● Record extracts
────────────────────────────────────────
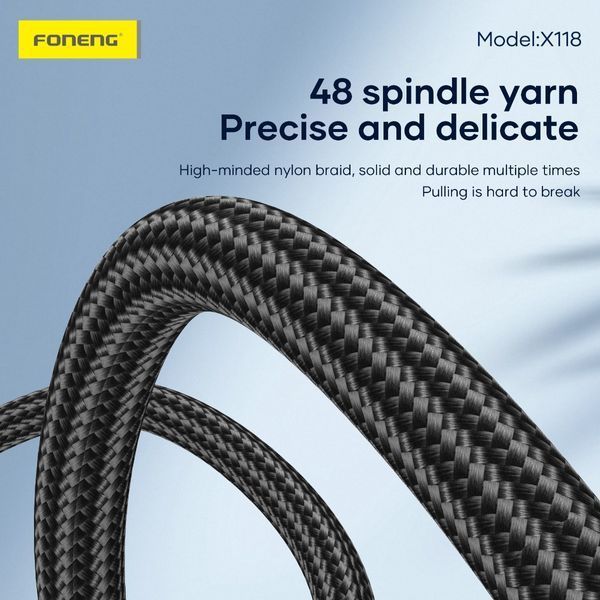 Кабель Foneng X118 USB-C &mdash; USB-C 60 Вт 1,2 м с подсветкой 84312 фото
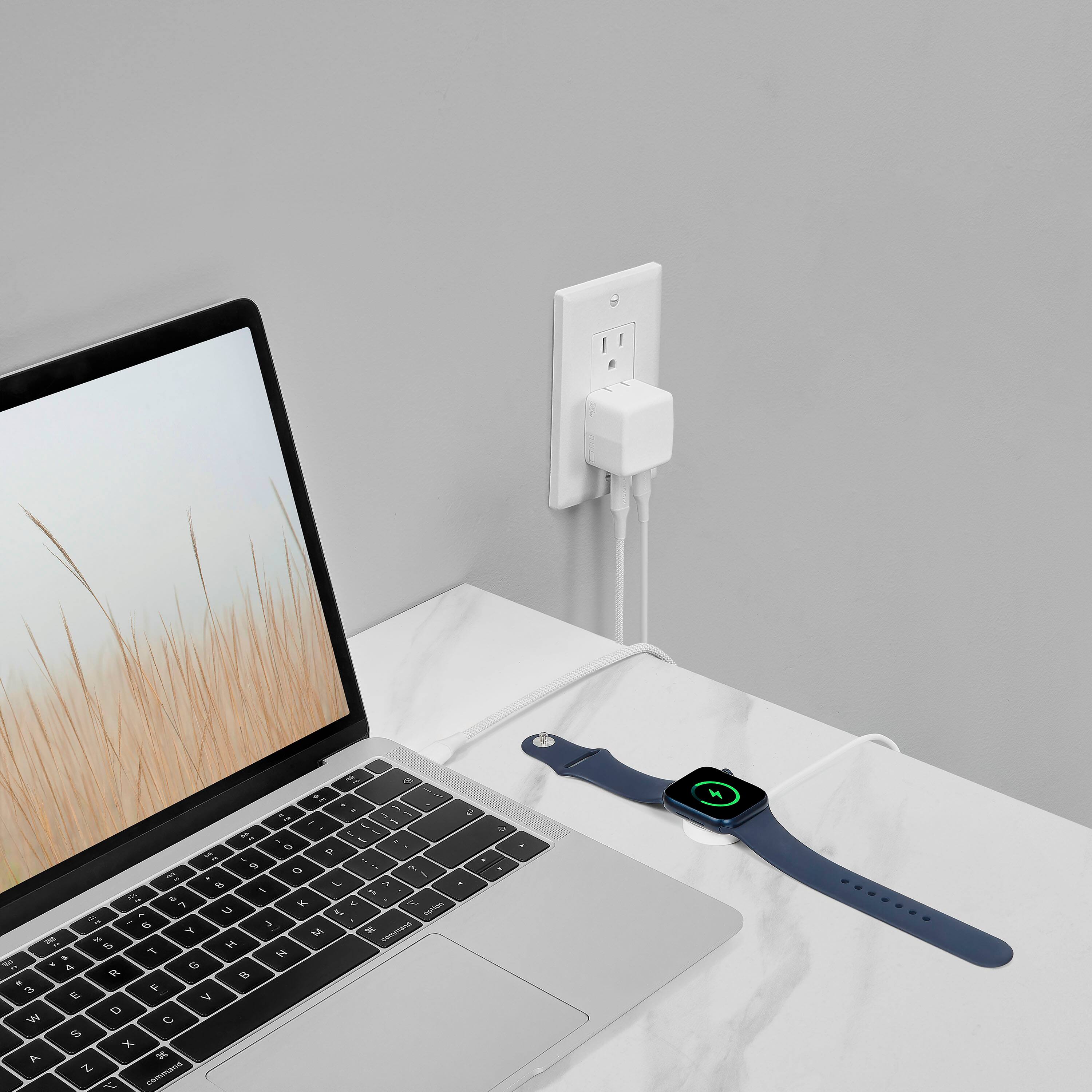 Alt View 16. Insignia™ - 35W Dual USB-C Port Wall Charger for MacBook Pro, iPad, iPhone, Apple Watch, Samsung Smartphones & More - White.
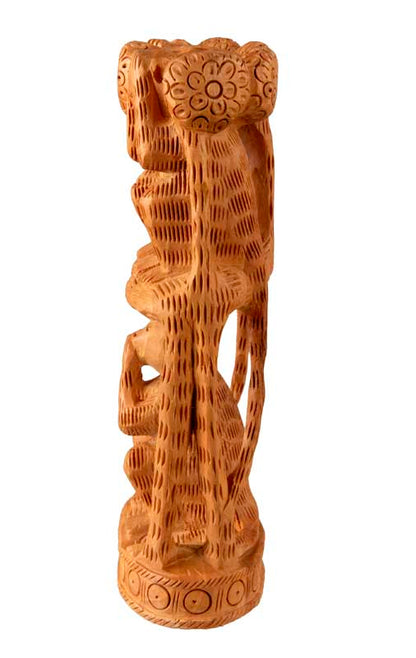 Statue 3 Singes de la Sagesse en Bois – Sculpture Artisanale Indienne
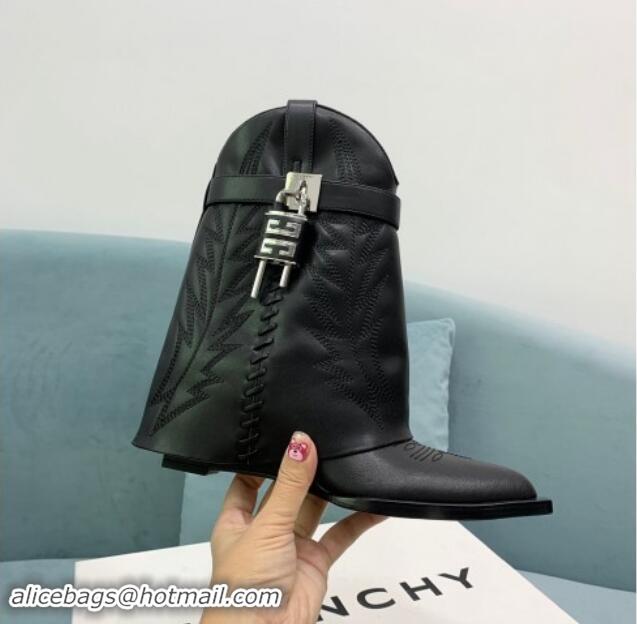 Charming Givenchy Shark Lock Wedge Ankle Boots 6cm in leather with western pattern Black/Silver 1113029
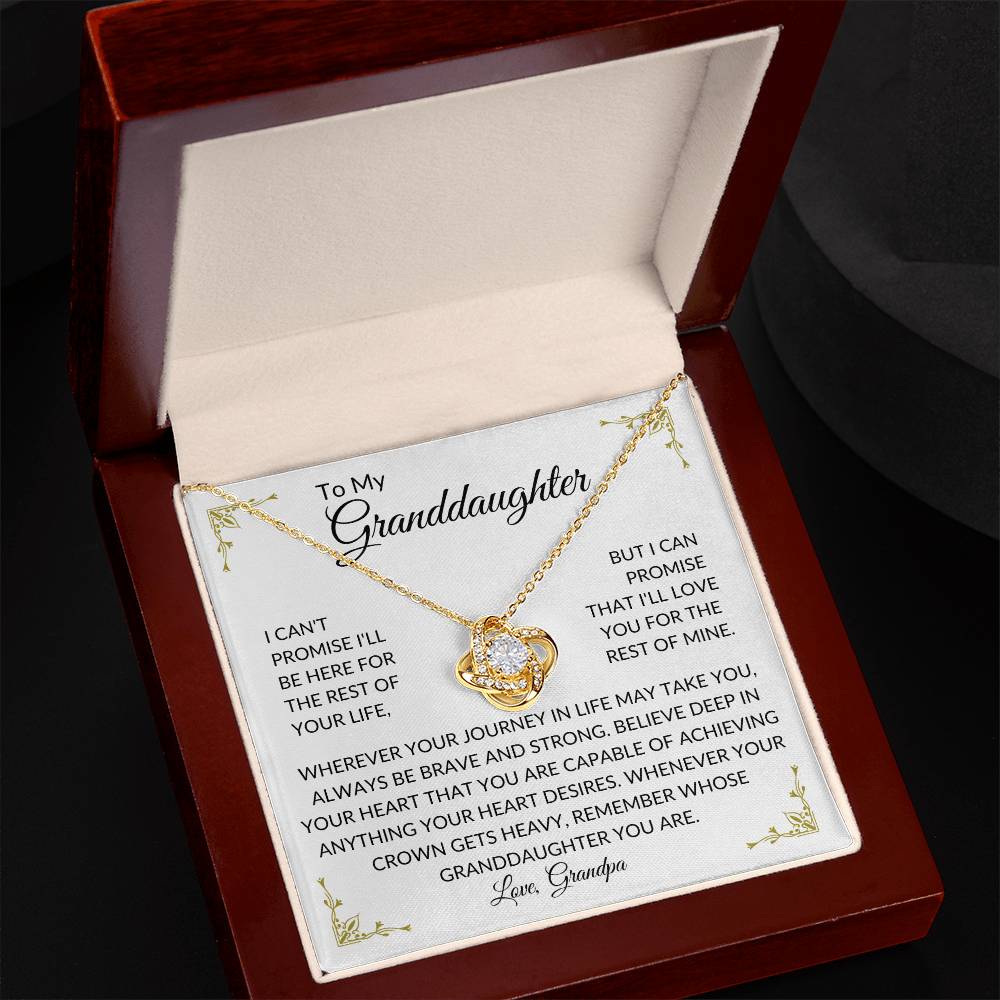To My Granddaughter | Brave and Strong | Love Knot Necklace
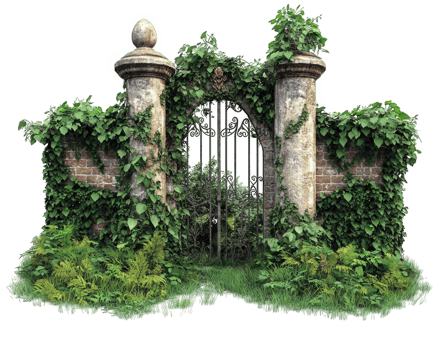 An old gate with ivy growing over it png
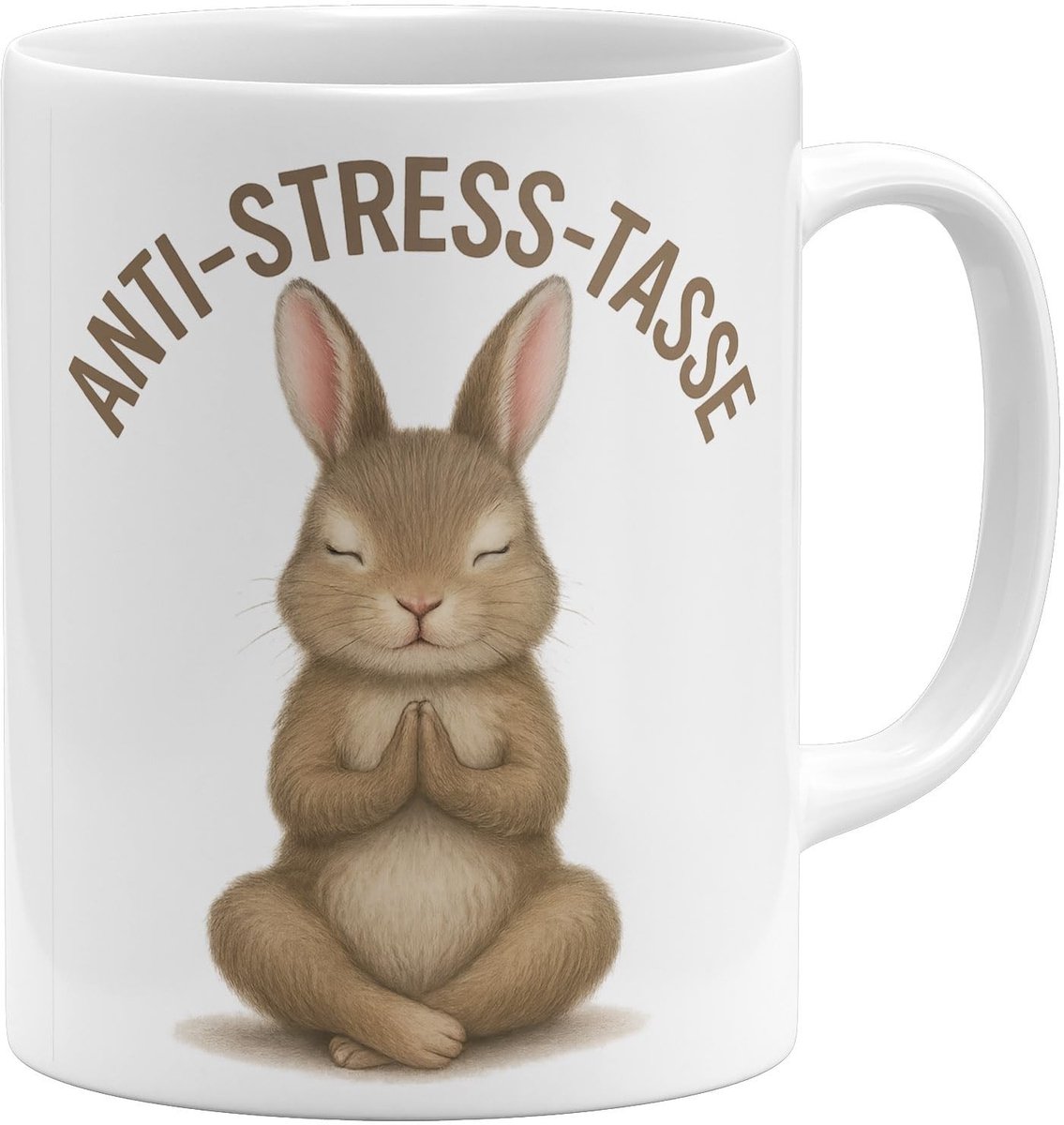 Anti-stress Mok - Keramiek met meditatiekonijn - 325 ml - Wit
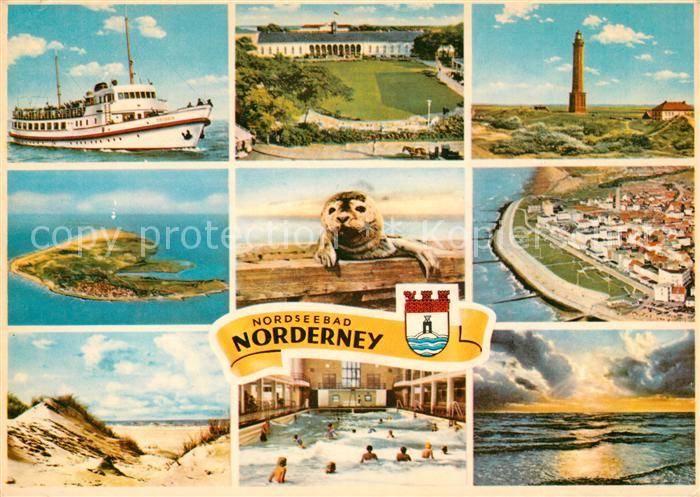 Norderney Nordseebad Hallenbad Leuchtturm Kurklinik Faehrschiff Duenen Abendstim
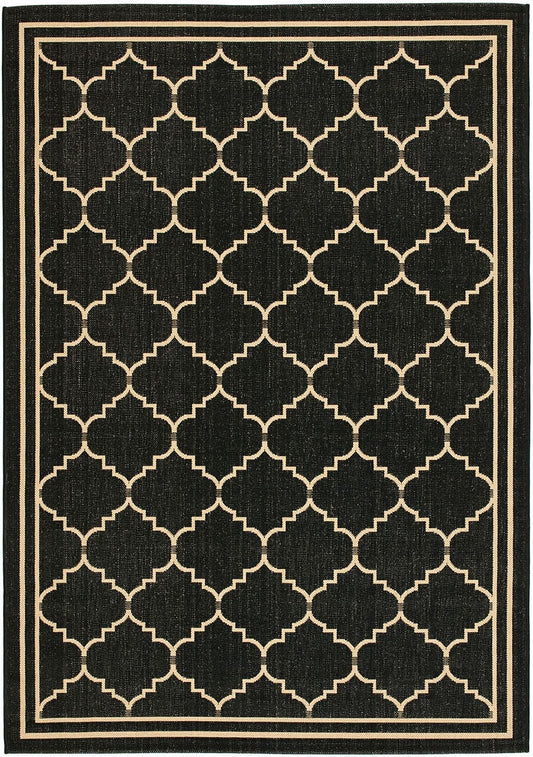 Safavieh Courtyard Cy6889-26 Black / Creme Geometric Area Rug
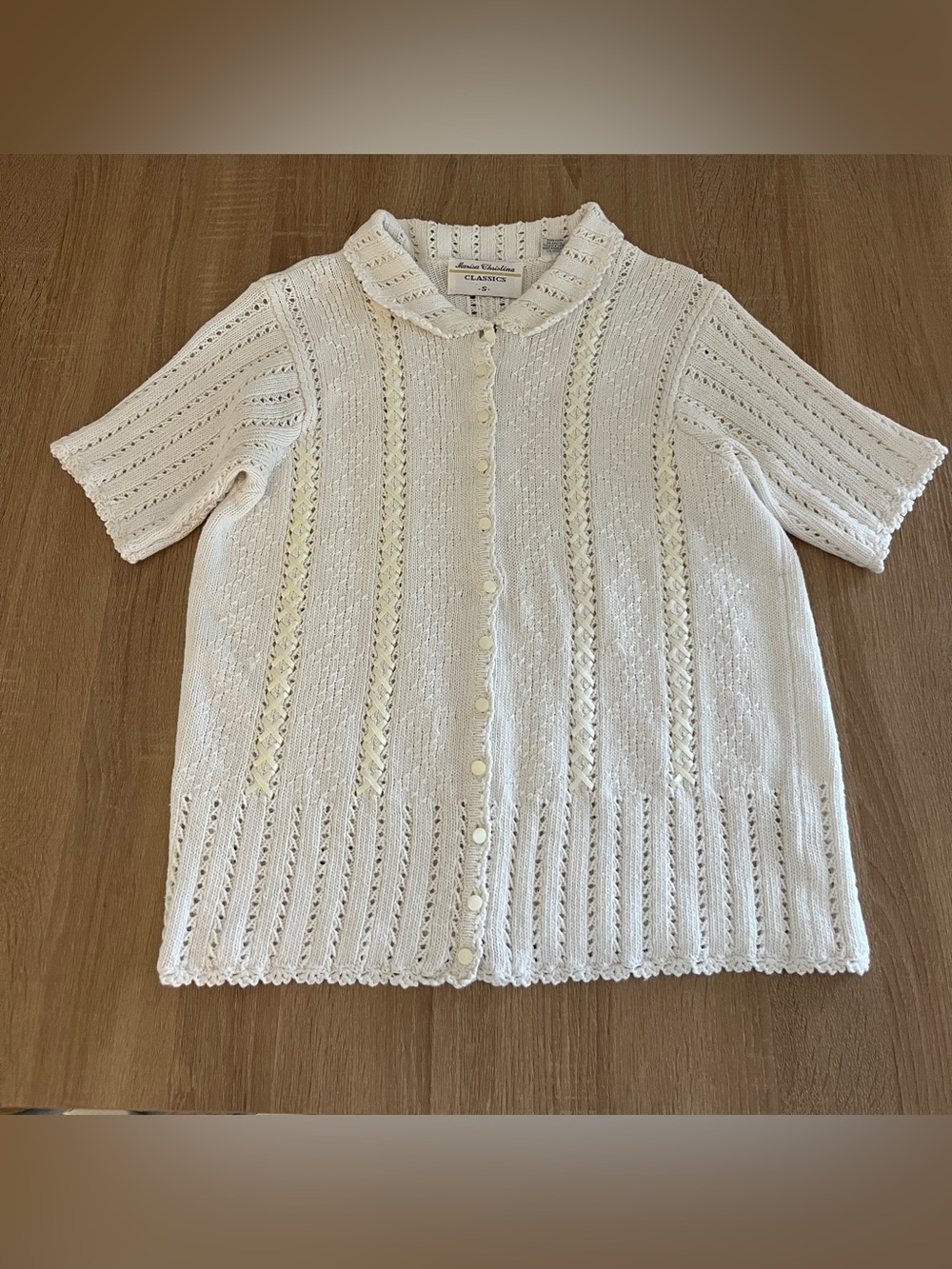 Vintage Coquette Button Up Short Sleeve Cardigan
────────────────────────────────────────
● Brief
Only one thing is required here: an exact copy of the lines from the one bearing "Norderney Nordseebad Hallenbad" through the final line above, both included, with pictures left out.

● Output below
 Norderney Nordseebad Hallenbad Leuchtturm Kurklinik Faehrschiff Duenen Abendstim
 Safavieh Courtyard Cy6889-26 Black / Creme Geometric Area Rug
 Vintage Coquette Button Up Short Sleeve Cardigan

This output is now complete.